In my previous article, I outlined the “Foundation Questions” for Social Security. Let’s go a bit deeper into one of those questions:
Should you consider filing a “restricted application” for spousal benefits?
At your full retirement age, the Social Security restricted application provides the opportunity to claim spousal benefits only and defer your own personal retirement benefits to earn delayed retirement credits. This strategy effectively nullifies Social Security’s deemed filing rules, allowing you to increase your own personal benefit by 32%. Your spouse needs to be receiving his or her own personal benefit for you to receive a spousal benefit using the restricted application. Both spouses cannot be receiving a spousal benefit at the same time.
Why would you want to use the restricted application? Primarily to allow the higher earning spouse to receive spousal benefits from their full retirement age to age 70, thereby increasing their own monthly personal worker benefit by a maximum of 32% at age 70 and ultimately providing a much higher survivor benefit to the lower earning living spouse.
This is a time-sensitive issue! The restricted application applies to persons born before Jan. 2, 1954. The reason for the January 2 cutoff is that Social Security considers your birth month to be on the day prior to your actual birthday. So, if you were born January 1, Social Security considers your birth month to December. Another way to look at this, to be eligible to take advantage of the restricted application, you must have reached your full retirement age, 66, by the end of 2019. If you were born after Jan. 2, 1954, you cannot utilize the restricted application.
Many people are not aware of this opportunity. Their strategy is to delay filing for their own personal benefit until age 70, thereby earning the delayed retirement credits. This is not a bad strategy but why not collect spousal benefits for the four years between ages 66 and 70? Please note that the restricted application is essentially being phased out after Dec. 31, 2023, so the window of opportunity is closing.
It is important to understand, as well, that if your spouse who is receiving their own personal benefit decides to voluntarily suspend that benefit while you are collecting a spousal benefit through the restricted application, your spousal benefit will also be suspended.
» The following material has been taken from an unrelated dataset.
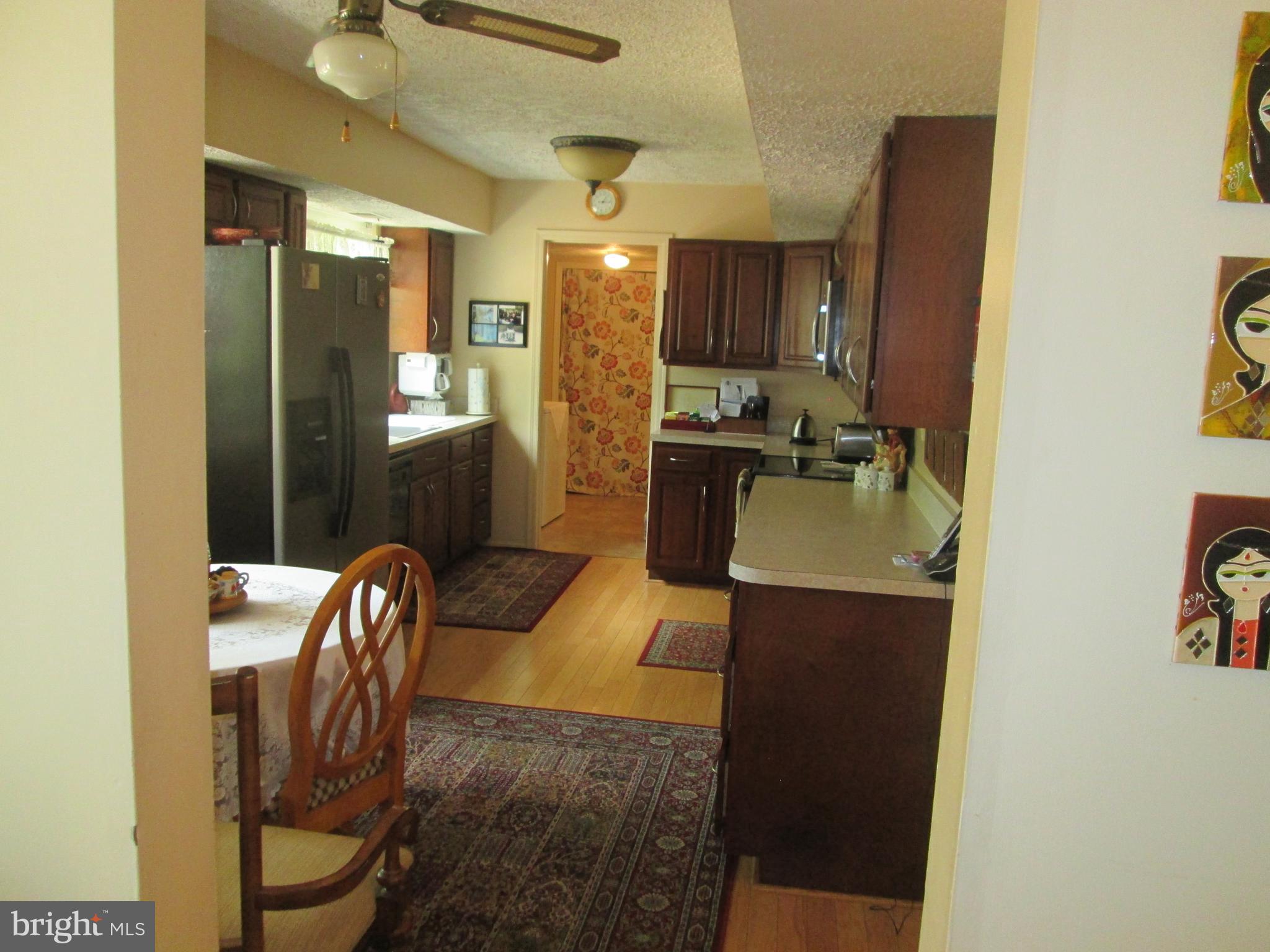 NORTHVIEW AT BELAIR VILLAGE - Residential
Now let’s address ex-spouses. As a general rule, ex-spouses are eligible for the same benefits as a current spouse. Benefits paid to an ex-spouse do not in any way negatively affect benefits payable to the current spouse. As an ex-spouse, if you meet the criteria outlined above – born before Jan. 2, 1954 and have reached full retirement age – you are eligible to file a restricted application for ex-spousal benefits as long as you were married at least 10 years to your former spouse and are currently single. For ex-spouses who have been divorced less than two years, your former spouse must be receiving their own personal benefit for you to be able to receive ex-spousal benefits using the restricted application. If you have been divorced more than 2 years, as long as your former spouse is at least 62, you may file for ex-spousal benefits using the restricted application and receive the ex-spousal benefit even if your former spouse is not collecting their own personal benefit.
I will end with my Social Security axiom:
If you take the WRONG benefit at the WRONG time, it’s always SMALLER, and it is FOREVER.
You basically get one shot to get this right. Let’s make a plan!